All categories of respondent recorded a fall in confidence during the three months to November 2014, most notably charterers (down to 5.4 from a record high of 6.7 three months ago) and owners (down from 6.2 to 5.5). Confidence on the part of managers, meanwhile, fell marginally from 6.2 to 6.1, while for brokers it was down from 5.3 to 5.0.
Geographically, confidence was down in Asia and Europe to 5.8 and 5.6 respectively from the levels of 6.0 and 6.1 recorded three months previously. Confidence in North America, however, held steady at 6.2.
One respondent said: “The global markets are expected to pick up around mid-2015,” but warned that the viability of shipping depended on the scrapping of 60% of all vessels over 20 years old and on a drastic reduction in the number of new vessels being built.
Another noted: “The world economy is not as healthy as expected. China has changed its growth model, while Europe is struggling under austerity measures and a lack of investment. The US may be in better health, but it is not able to drag shipping out of the doldrums in the short term.”
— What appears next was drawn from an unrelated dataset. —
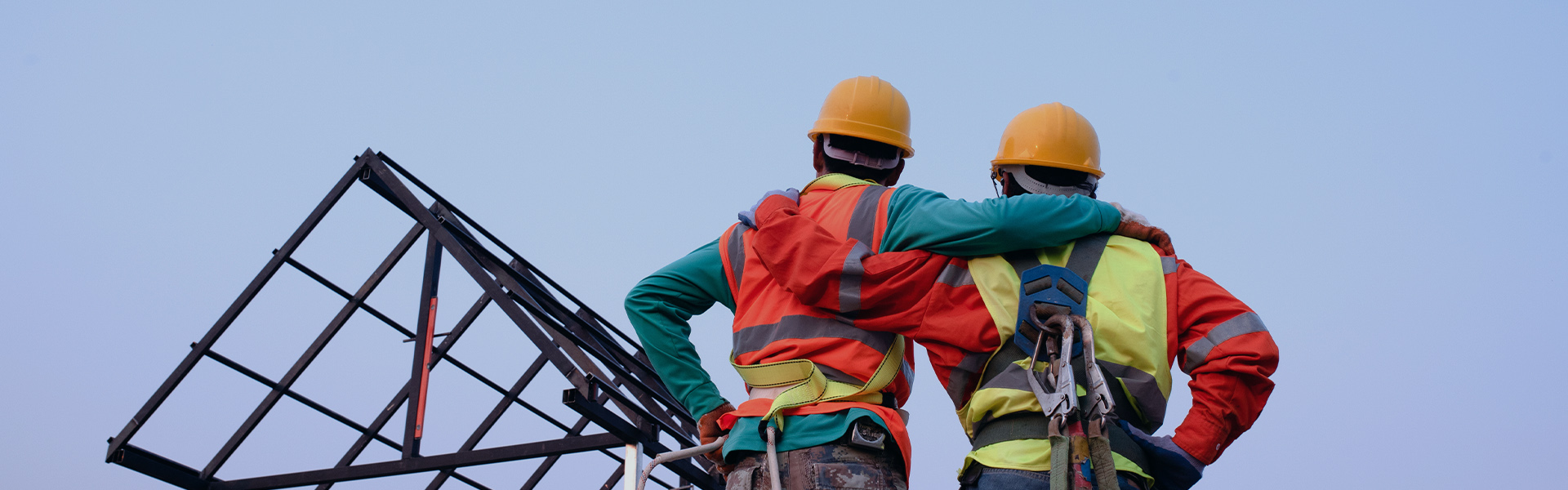 Zwei Bauarbeiter schauen zur Baustelle hinauf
Elsewhere it was noted: “We are heading for a low level of activity in all markets. With sanctions on Russia and Iran, and fighting in Iraq and Syria and elsewhere, people are spending less money, which results in fewer cargo movements.”
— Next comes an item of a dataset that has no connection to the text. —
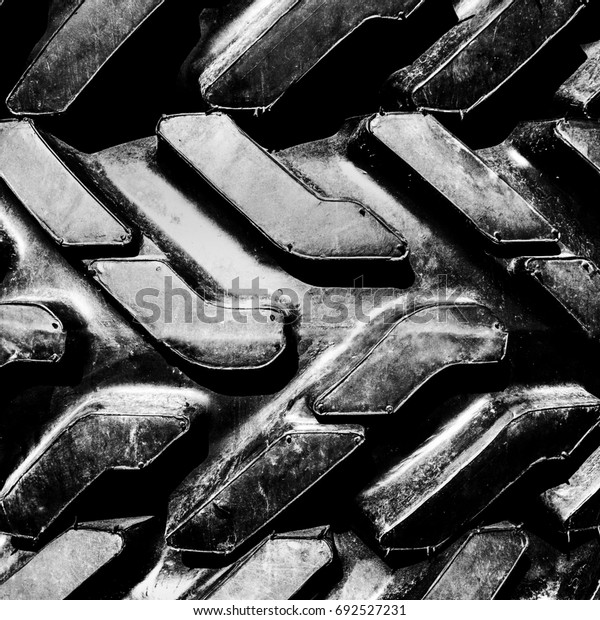 Big truck mud tires, close\
up.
The cost of meeting the growing regulatory burden in the shipping industry was high on the list of concerns expressed by respondents, one of whom said: “Regulation is becoming stricter, and now accounts for a greater slice of operational expenses than it did a few years ago. This is bad. But it is the only way to push older tonnage out of the market.”
Another respondent emphasised: “There seems to be a lack of willingness to acknowledge the negligible level of pollution caused by shipping in relation to the volume of merchandise which is shipped globally.
“New EU environmental regulations will have a knock-on effect beyond the primary maritime industries.”
The likelihood of respondents making a major investment or significant development over the next twelve months was down marginally on the previous survey, on a scale of 1 to 10, from 5.4 to 5.3, the lowest figure recorded in this respect since August 2012.
Comments from respondents in this regard focused largely on the growth of private equity funding in shipping. One said: “The ongoing attack on shipping by private equity investors and outsiders is still active. Until this stops, shipping does not stand a chance of producing decent returns for the historic shipowner who invests in shipping for the long term. With low yields still in place around the world, returns required by public companies and private equity investors are tragically low, so they invest in projects they really shouldn’t be investing in. In addition, the new Master Limited Partnership structure is reducing required returns still further. Shipping has no place in the MLP world.”